Japan dispatched its whaling fleet last month to the southern Pacific in the first major hunt of humpback whales since the 1960s, generating widespread criticism. Japanese whaling officials said Friday they had not harpooned any humpbacks yet.
The move defuses for now a high-profile row with Australia, though Japanese officials deny they were influenced by Canberra's anti-whaling position. Australia announced Wednesday it would dispatch surveillance planes and a ship to gather evidence for a possible international legal challenge to the hunt.
It was unlikely, however, to quell the increasingly bold high-seas protests against Japan's scientific whaling research program, under which it kills a total of 1,000 whales — mostly minkes — a year in the Pacific.
Japan has wrestled with the IWC for years to overturn its 1986 moratorium on commercial whaling, and recently has called for a "normalization" of the group to return to its original mission of managing sea resources, rather than banning whaling.
The decision followed talks between Japan and the U.S. over state of the IWC, said Hideki Moronuki, chief of the Fisheries Agency's whaling division. The State Department had warned Japan that some anti-whaling nations could boycott IWC meetings, he said.
"That goes against the intentions of Japan, which have sought a normalized IWC," said Moronuki, who has been an energetic and outspoken proponent of Japan's whaling program.
Commercial hunts of humpbacks — which were nearly harpooned to extinction in the 20th century — were banned in the Southern Pacific in 1963, and that ban was extended worldwide in 1966.
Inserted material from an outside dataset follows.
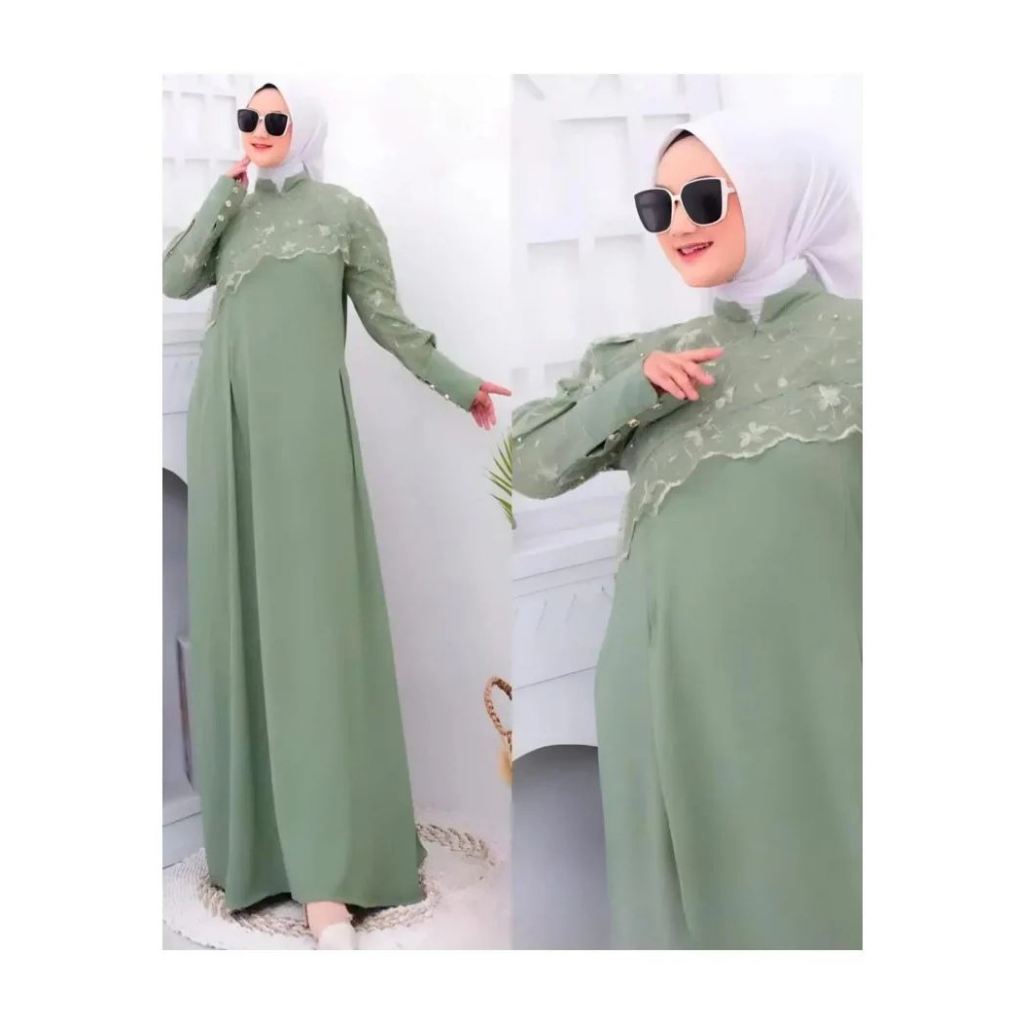 HUARA DRESS GAMIS CRINKLE AIRFLOW PREMIUM DRESS WANITA TERBARU 2023 GAMIS WANITA BAHAN CRINGKLE APLIKASI BRUKAT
The American Cetacean Society estimates the humpback population has recovered to about 30,000-40,000 — about a third of the number before modern whaling. The species is listed as "vulnerable" by the World Conservation Union.
The decision was cheered by anti-whaling nations — with reservations.
"While this is a welcome move, the Australian government strongly believes that there is no credible justification for the hunting of any whales," Australian Foreign Minister Stephen Smith said, adding it would continue with its surveillance plans.
Karli Thomas, who is leading a Greenpeace expedition heading to the southern Pacific, also lauded the development.
"This is good news indeed, but it must be the first step towards ending all whaling in the Southern Ocean, not just one species for one season," Thomas said in a statement from on board the group's ship, Esperanza.
Coastal communities in Japan have hunted whales for centuries, but whale meat was not eaten widely here until the U.S. occupation officials encouraged it in the poverty stricken years after World War II.
Despite the commercial hunting ban, Japan is permitted under the IWC rules to kill whales for scientific research. The meat is sold under the program and often ends up as pricey items in specialty restaurants, though its popularity as a staple has plummeted with the availability of beef and other meats.
Despite the suspension of the humpback hunt, Japan still plans to take as many as 935 minke whales and up to 50 fin whales in the Antarctic in what the Fisheries Agency says is its largest-ever scientific whale hunt.
Japan also takes more minkes in the northern Pacific later in the year.
Critics, however, say the scientific program is a ruse for Japan to keep its whaling industry alive until it can overturn the commercial ban. Protesters in boats earlier this year dogged the Japanese fleet, which eventually had to cut the hunt short when a fire damaged one of its ships.